Content starts
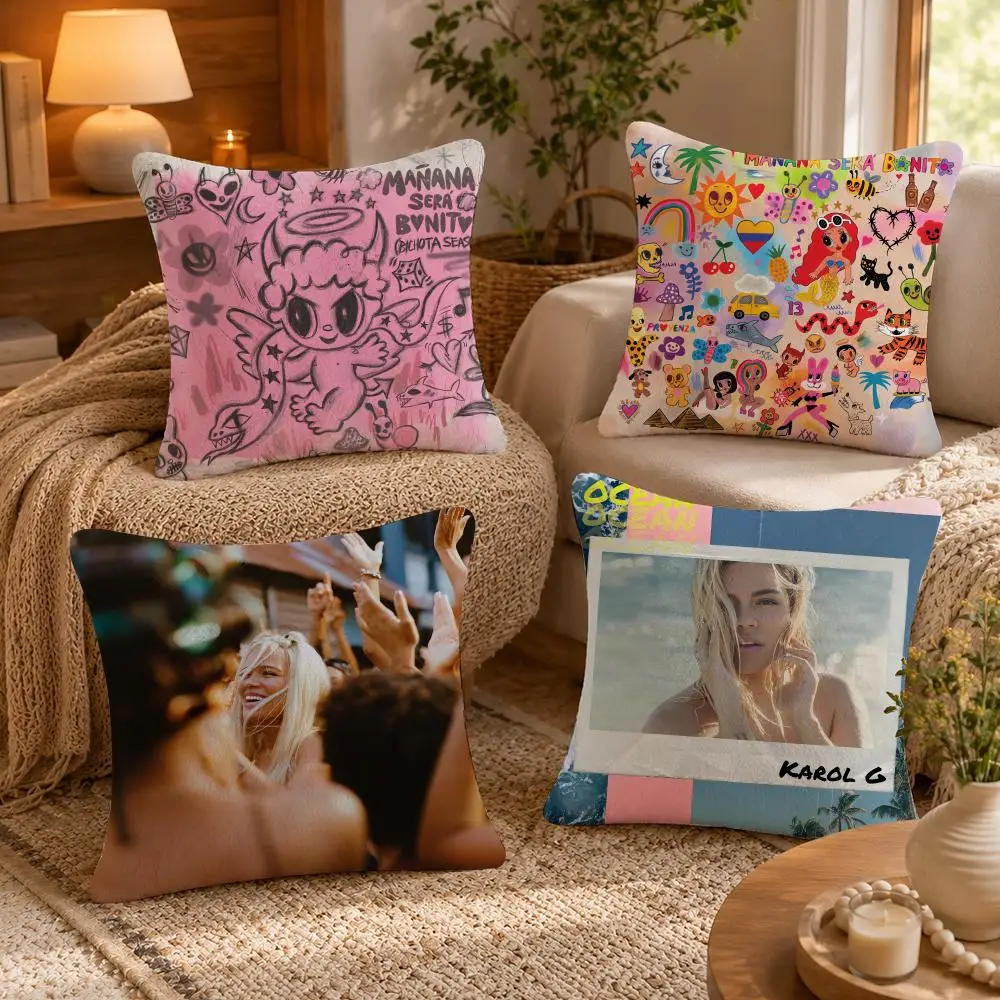 K-Karol G M-Manana Sera Bonito Cushion Cover Soft Short Plush Pillow Case Double Sided Print Washable Sofa Bed Home Decor Gift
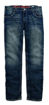 Front view of mens straight leg fit whipstitch modern jeans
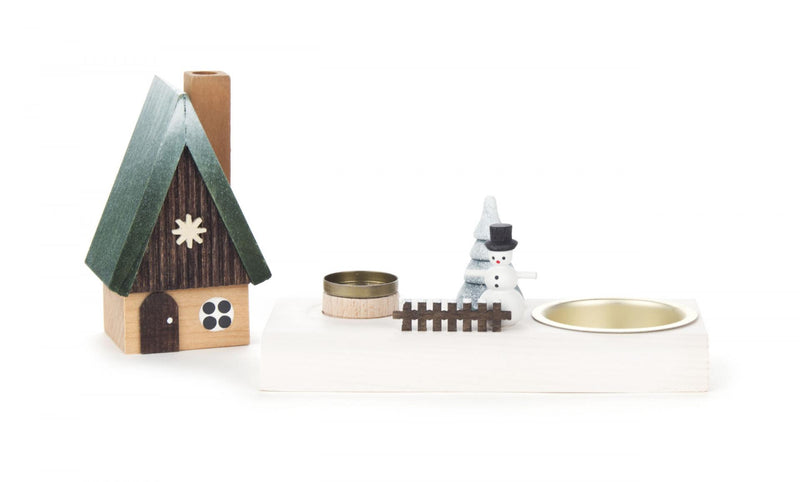 201/164 - Smoker House with Snowman & Tealight Holder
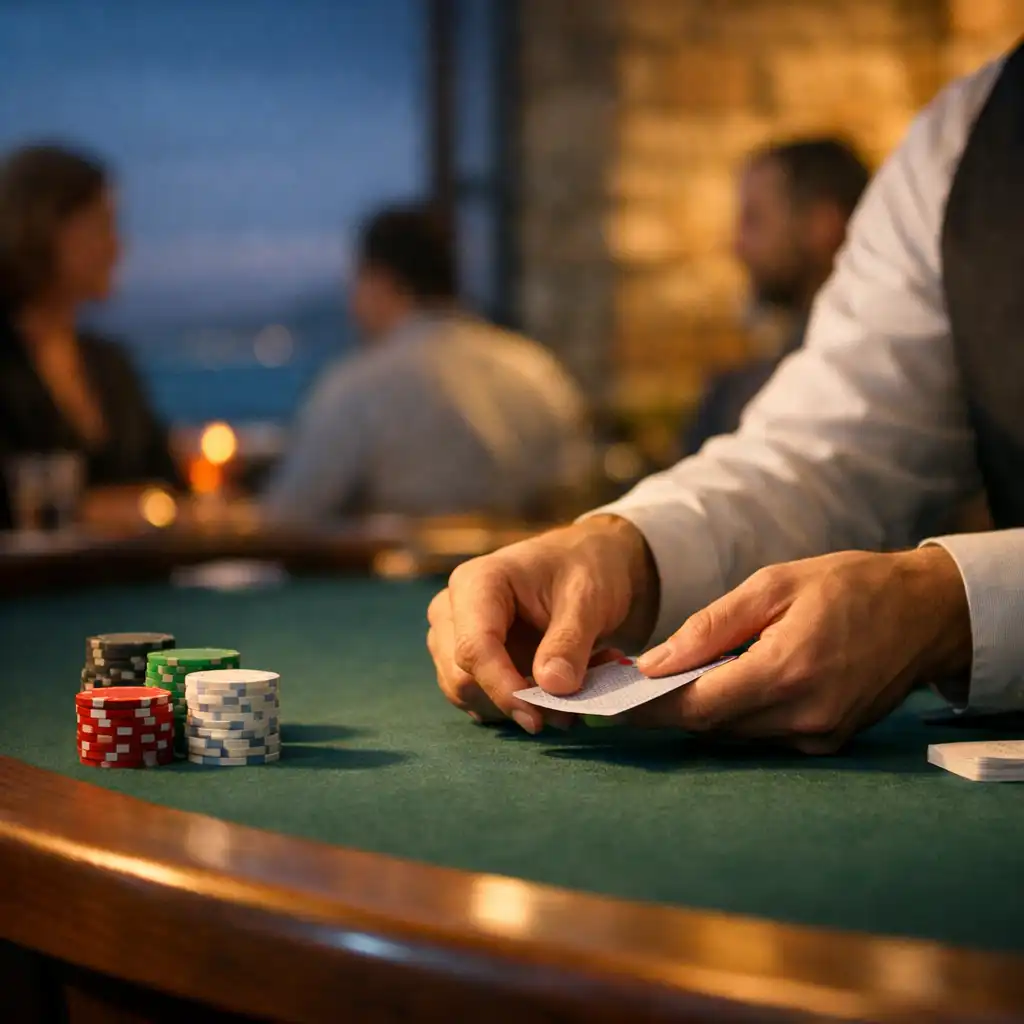 Dealer-led table with hands dealing physical cards beside poker chips and timber detailing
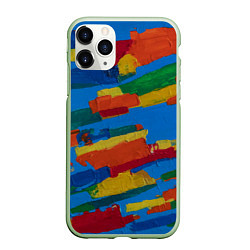 Чехол iPhone 11 Pro матовый Разноцветная абстракция, цвет: 3D-салатовый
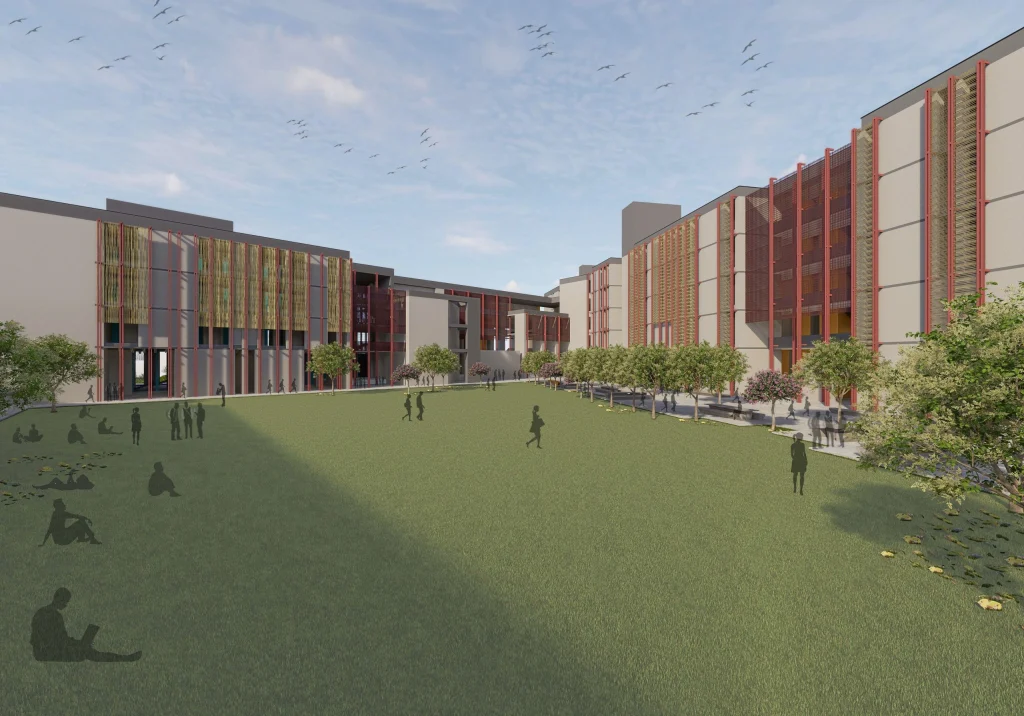 IIM Raipur Phase II academic block architectural perspective
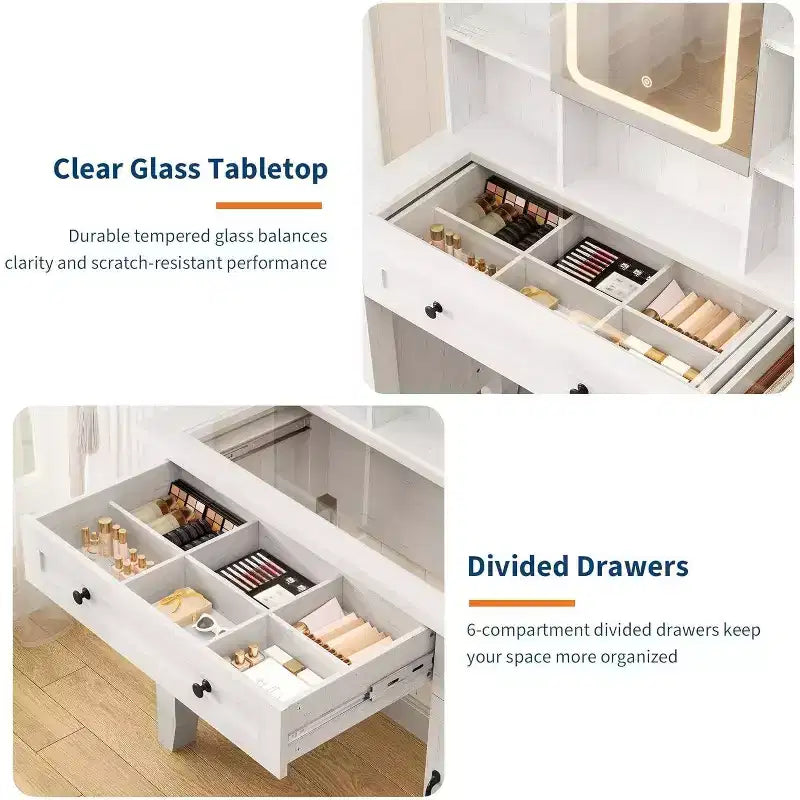 Coiffeuse avec miroir HD, lumières LED et station de recharge, table de maquillage style ferme avec 2 tiroirs et tabouret rembourré, étagères pour la maison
Content ends
* **What needs to be done**
From the first line of the records through the line containing "201/164 - Smoker", please output exactly those lines and nothing more, leaving out the pictures.

* **Answer for this exercise**
 K-Karol G M-Manana Sera Bonito Cushion Cover Soft Short Plush Pillow Case Double Sided Print Washable Sofa Bed Home Decor Gift
 Front view of mens straight leg fit whipstitch modern jeans
 201/164 - Smoker House with Snowman & Tealight Holder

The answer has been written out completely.